Trichomonas vaginalis extracellular vesicles activate the NLRP3 inflammasome and TLR3-mediated inflammatory cascades in host cells.

Trichomonas vaginalis (TV) is a flagellated parasite that causes trichomoniasis, the most common non-viral sexually transmitted infection (STI), with over 275 million cases annually.
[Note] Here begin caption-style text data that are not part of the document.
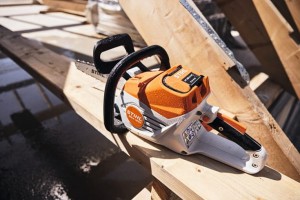 Pilarka akumulatorowa Stihl MSA 160 C-B na drewnie.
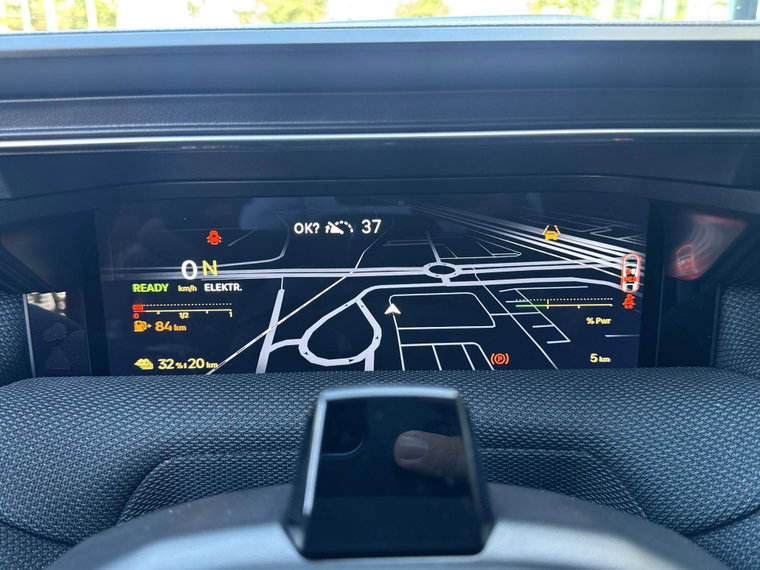 Vehicle Image 38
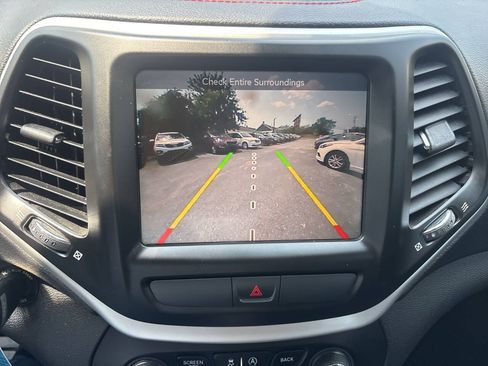 Used 2015 Jeep Cherokee Trailhawk AWD/4WD image 19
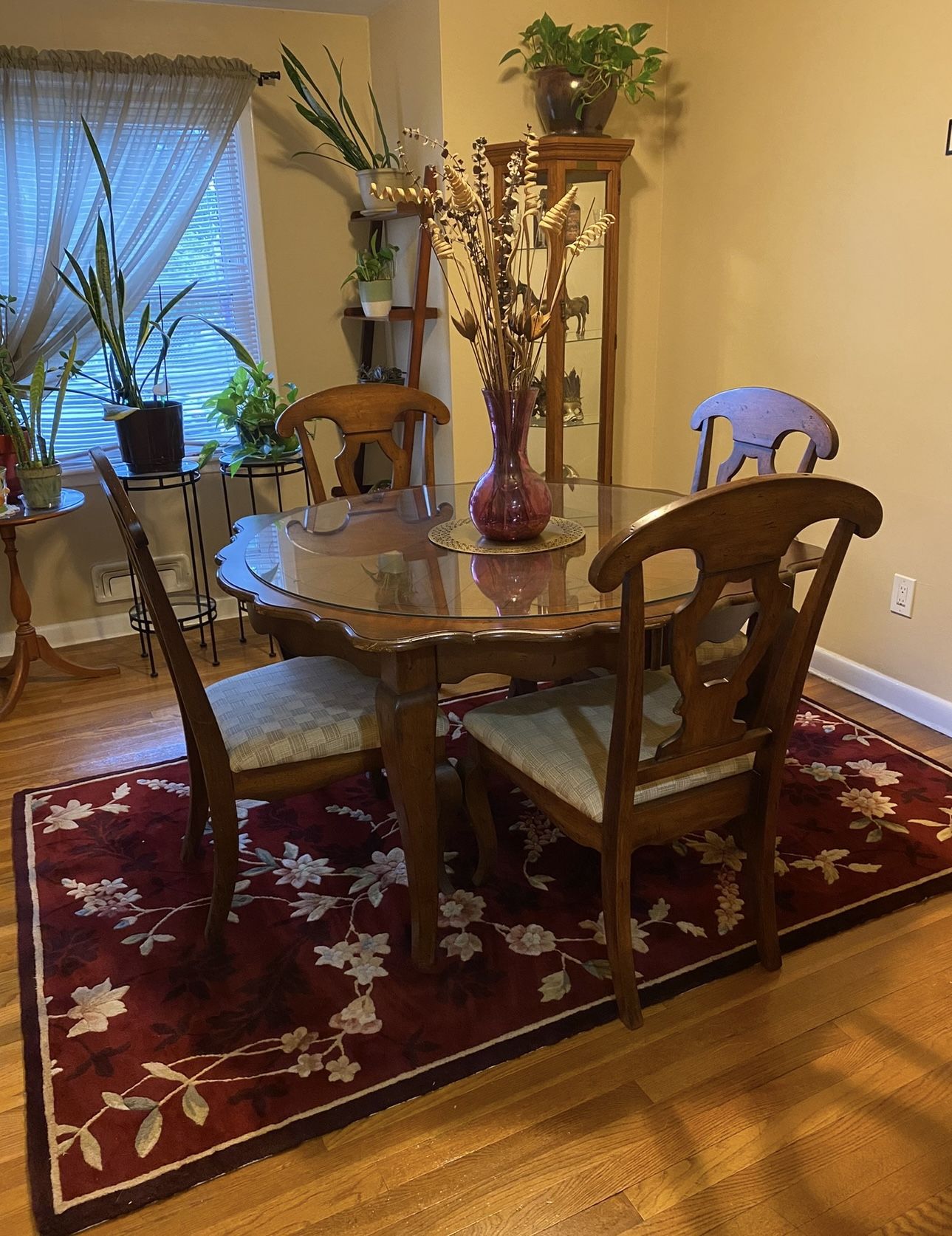 Old World Round Dining Room Table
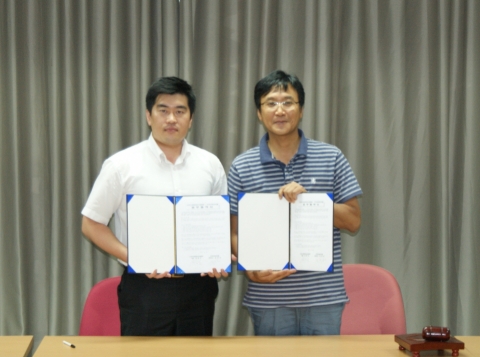 (주)아이피미라클 정장한 대표와 부산영화영상산업협회 정재민 회장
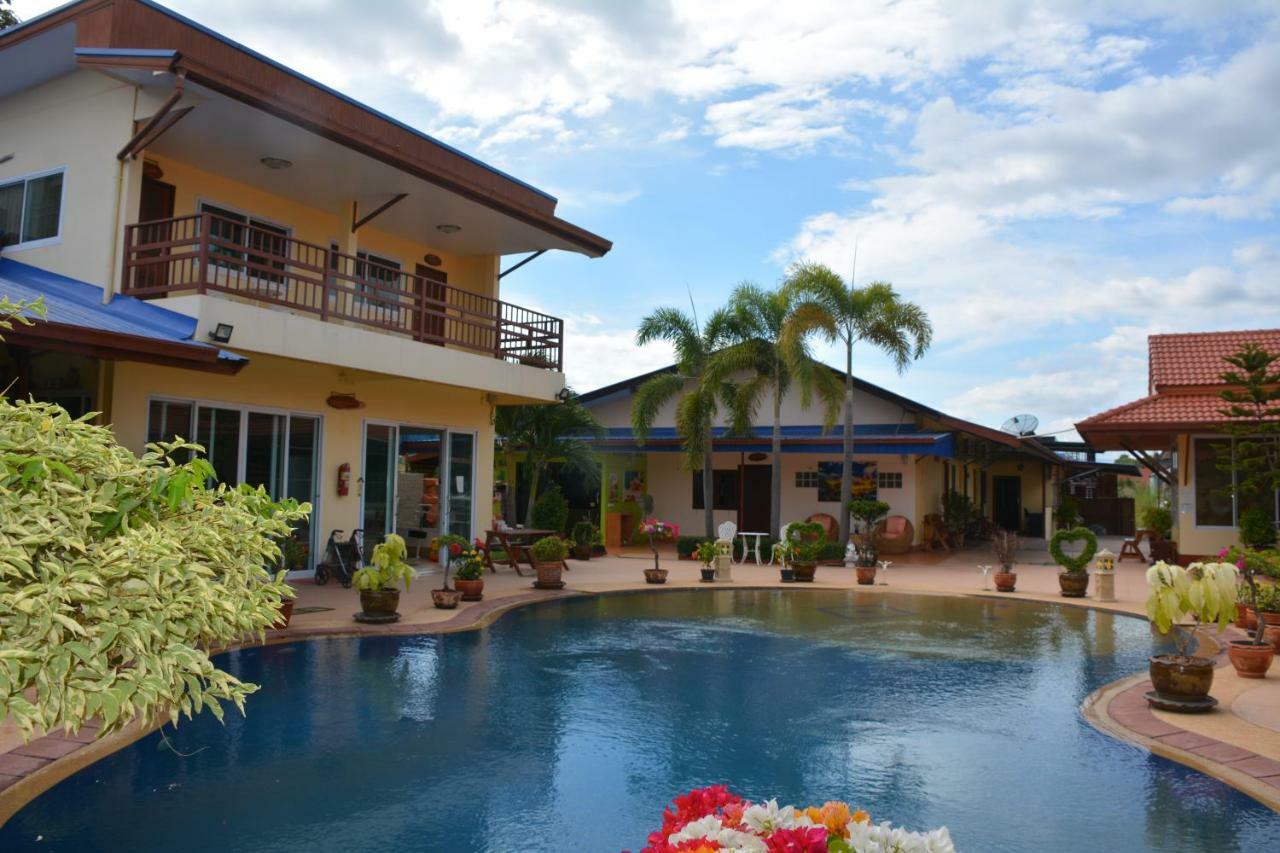 Baan Sabaijai Resort That Phanom Екстер'єр фото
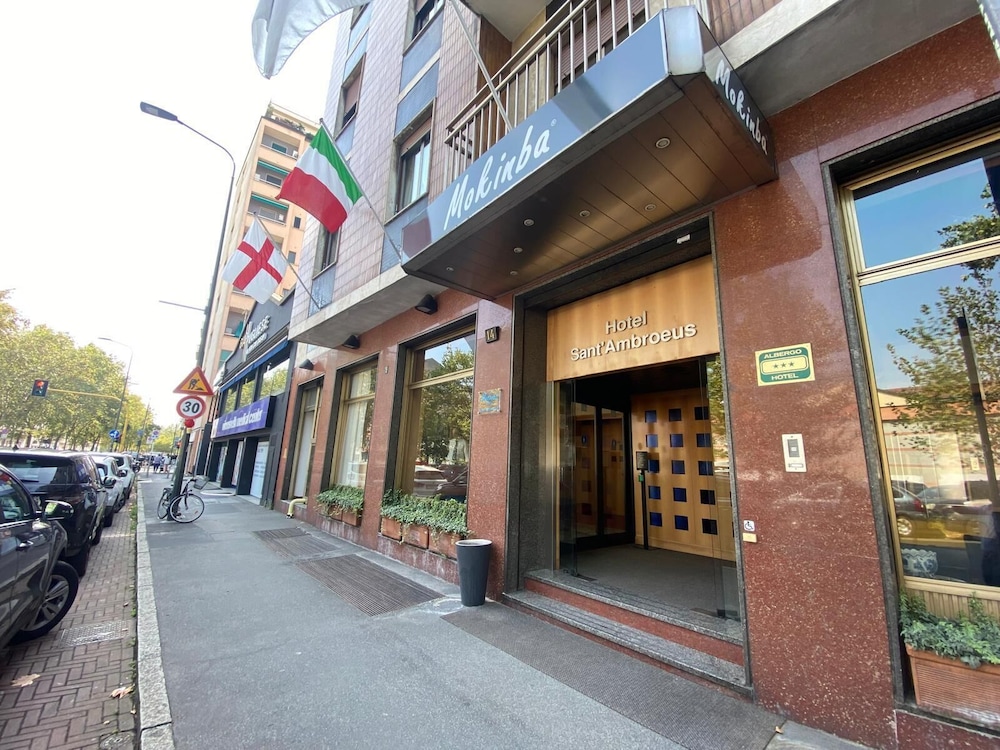 Sant'Ambroeus 1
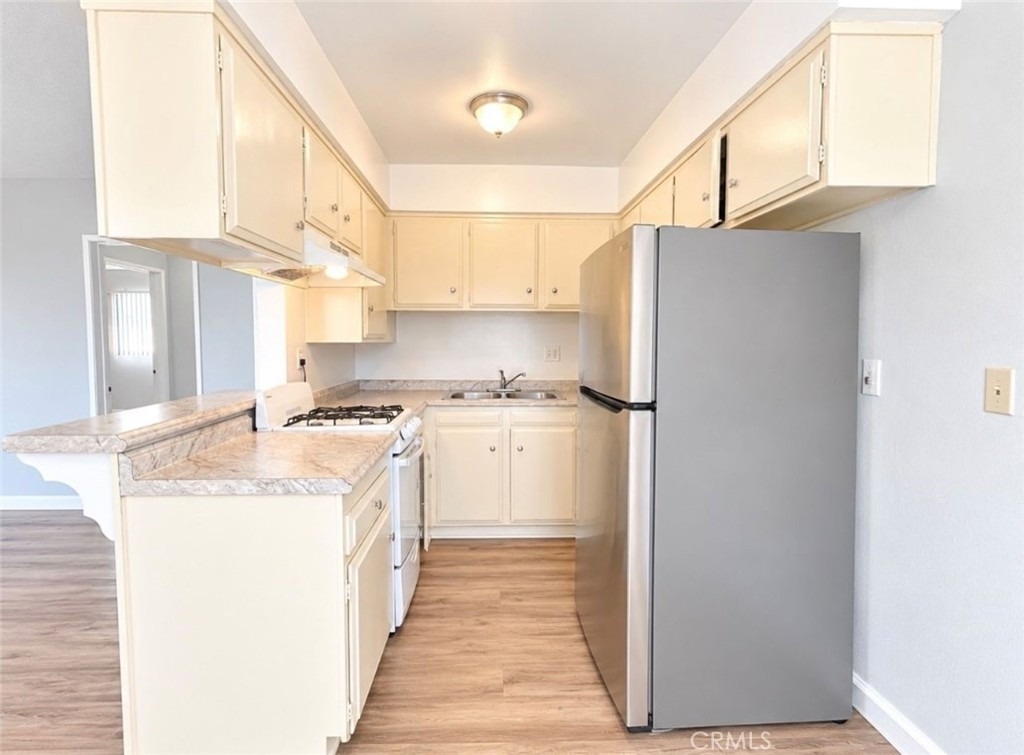 5050 Linden Avenue - Photo 5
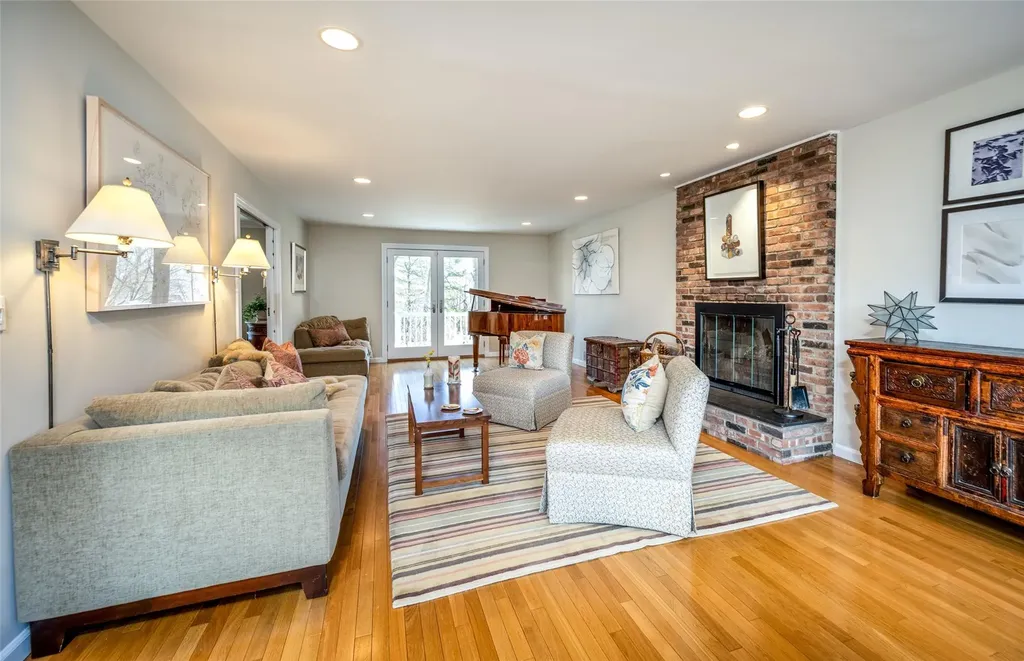 8 Barbara Lane Irvington NY 10533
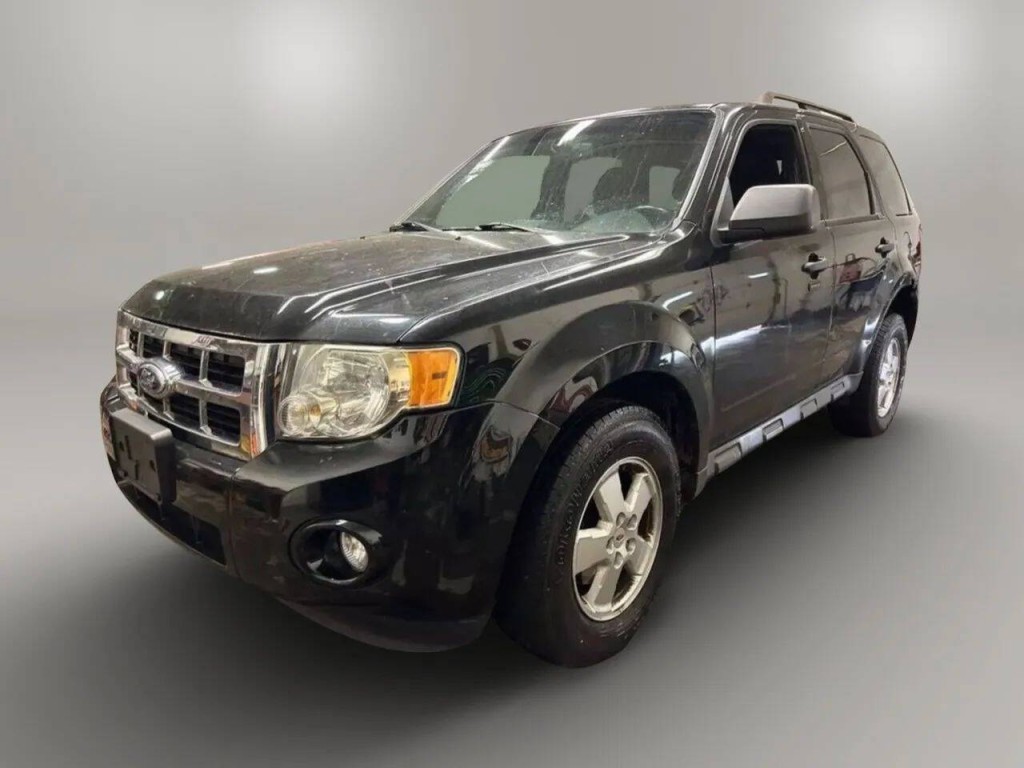 2011 Ford Escape Image 1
TV has been shown to secrete extracellular vesicles (TV-EVs) to regulate intercellular communication between parasites and host immune response; however, the mechanisms by innate immunity against TV-EVs are largely unknown. Herein, we aim to investigate the molecular mechanisms of inflammation induced by TV-EVs and identify novel proteins modulating the immune response in host cells. Firstly, the morphological characteristics of TV-EVs have been analyzed by transmission electron microscope (TEM) and nanoparticle tracking analysis, revealing that the vesicles are round-shaped bilayer membrane structures with size mostly about 100-120 nm. Additionally, the internalization of TV-EVs by host cells has been validated through immunofluorescence and TEM analysis. The multiplex immunoassay identified that TV-EVs induce the secretion of inflammatory cytokines, including CXCL1, IL-6, IL-8 and MIP-1β in THP-1 macrophages and ectocervical cells (Ect). Mechanistically, TV-EVs induce TLR3 overexpression to activate the NF-κB/NLRP3 pathway in THP-1 macrophages. Additionally, TV-EVs activate the PI3K-mediated NF-κB, p38 MAPK and ERK pathways in Ect. Moreover, TV-EV-induced TLR3 overexpression positively regulates the PI3K and NF-κB pathways, while simultaneously suppressing the p38 MAPK and ERK pathways in Ect. Proteomic analysis identified that TV-EVs upregulate MICB and TRAF3IP2, which are also positively regulated by TLR3 and involved in TV-EV-induced inflammatory cascade. Altogether, this study significantly advances our understanding of the immunomodulatory roles of TV-EVs in host cells, paving the way for future treatment of trichomoniasis and TV-associated STIs.